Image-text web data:
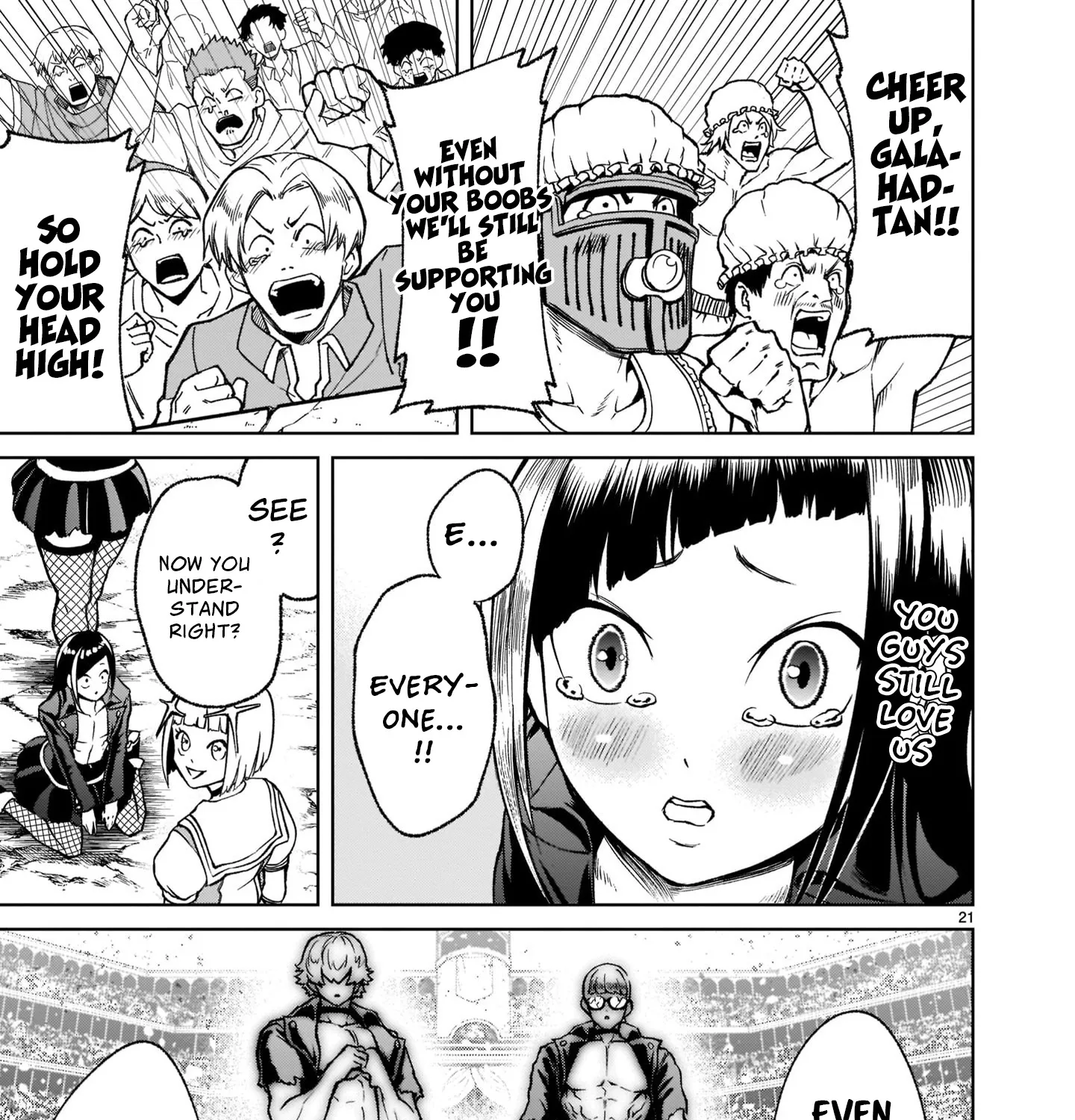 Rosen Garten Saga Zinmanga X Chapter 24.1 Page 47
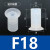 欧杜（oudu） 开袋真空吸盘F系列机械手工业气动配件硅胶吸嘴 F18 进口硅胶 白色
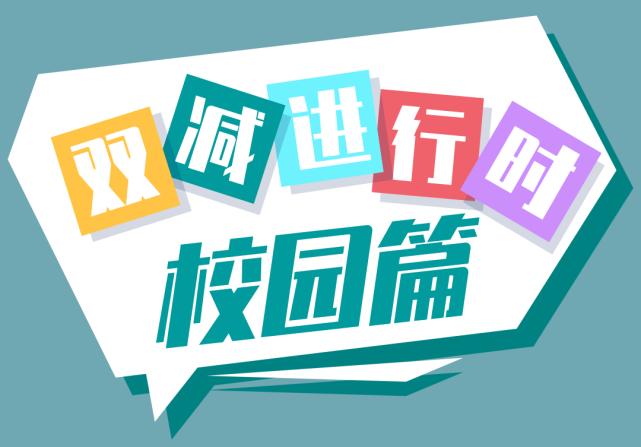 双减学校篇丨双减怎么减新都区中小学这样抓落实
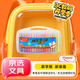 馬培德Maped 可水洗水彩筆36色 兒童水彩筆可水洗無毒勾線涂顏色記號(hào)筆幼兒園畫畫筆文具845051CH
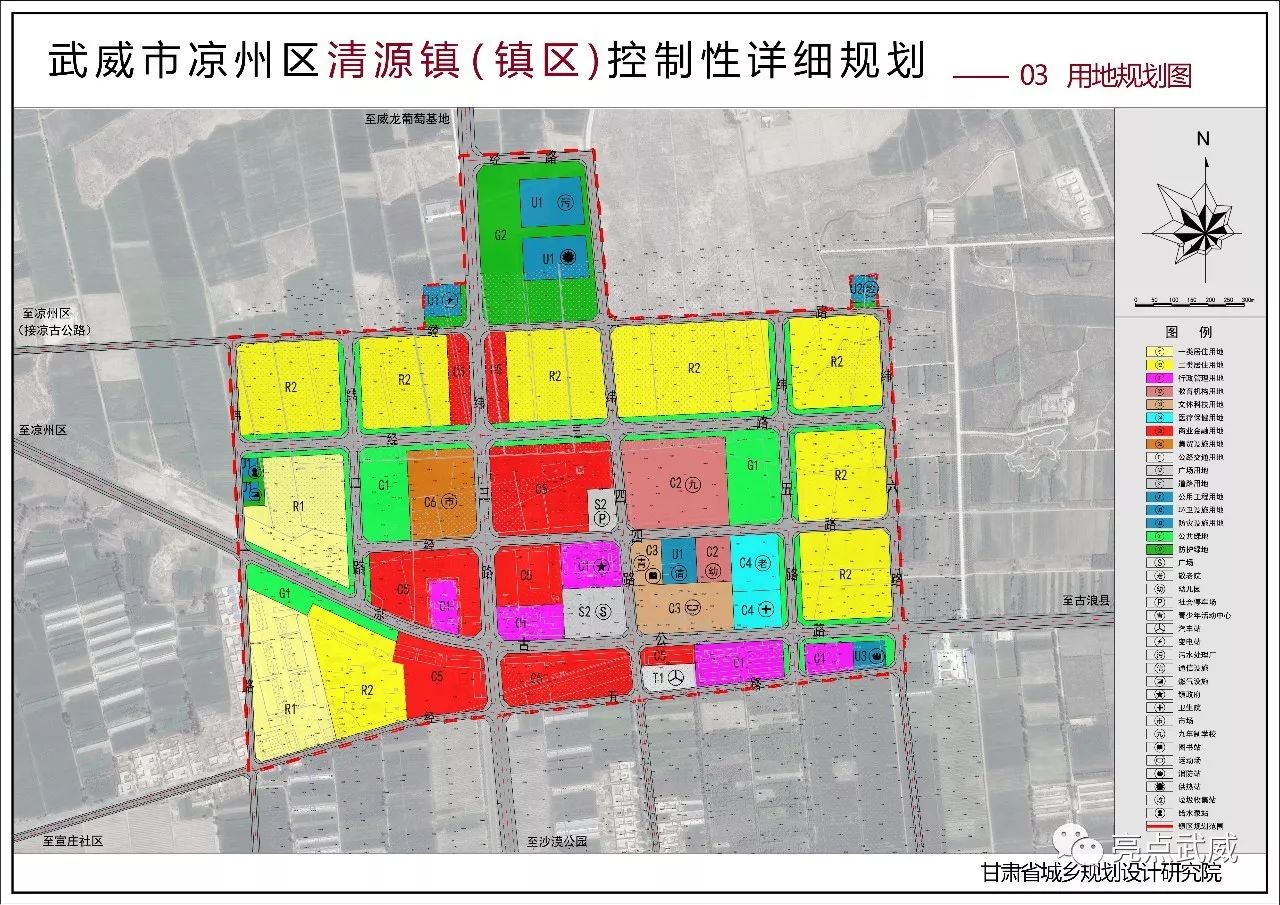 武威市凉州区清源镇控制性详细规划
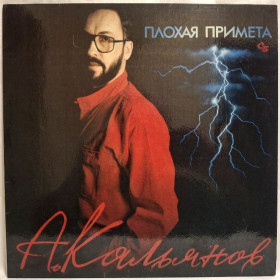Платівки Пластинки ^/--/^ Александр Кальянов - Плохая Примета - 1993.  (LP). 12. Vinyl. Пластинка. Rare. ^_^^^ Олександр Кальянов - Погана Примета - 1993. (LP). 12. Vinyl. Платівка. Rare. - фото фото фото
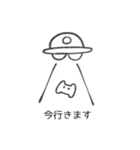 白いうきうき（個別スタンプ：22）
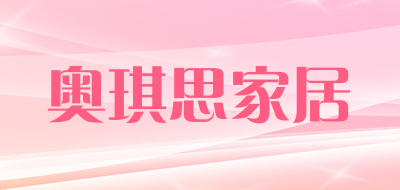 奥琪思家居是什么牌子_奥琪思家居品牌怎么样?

WHAT TO WORK ON: Output nothing but the records, word for word, and none of their pictures.

EXPECTED OUTPUT:
 Rosen Garten Saga Zinmanga X Chapter 24.1 Page 47
 欧杜（oudu） 开袋真空吸盘F系列机械手工业气动配件硅胶吸嘴 F18 进口硅胶 白色
 双减学校篇丨双减怎么减新都区中小学这样抓落实
 馬培德Maped 可水洗水彩筆36色 兒童水彩筆可水洗無毒勾線涂顏色記號(hào)筆幼兒園畫畫筆文具845051CH
 武威市凉州区清源镇控制性详细规划
Платівки Пластинки ^/--/^ Александр Кальянов - Плохая Примета - 1993.  (LP). 12. Vinyl. Пластинка. Rare. ^_^^^ Олександр Кальянов - Погана Примета - 1993. (LP). 12. Vinyl. Платівка. Rare. - фото фото фото
 白いうきうき（個別スタンプ：22）
 奥琪思家居是什么牌子_奥琪思家居品牌怎么样?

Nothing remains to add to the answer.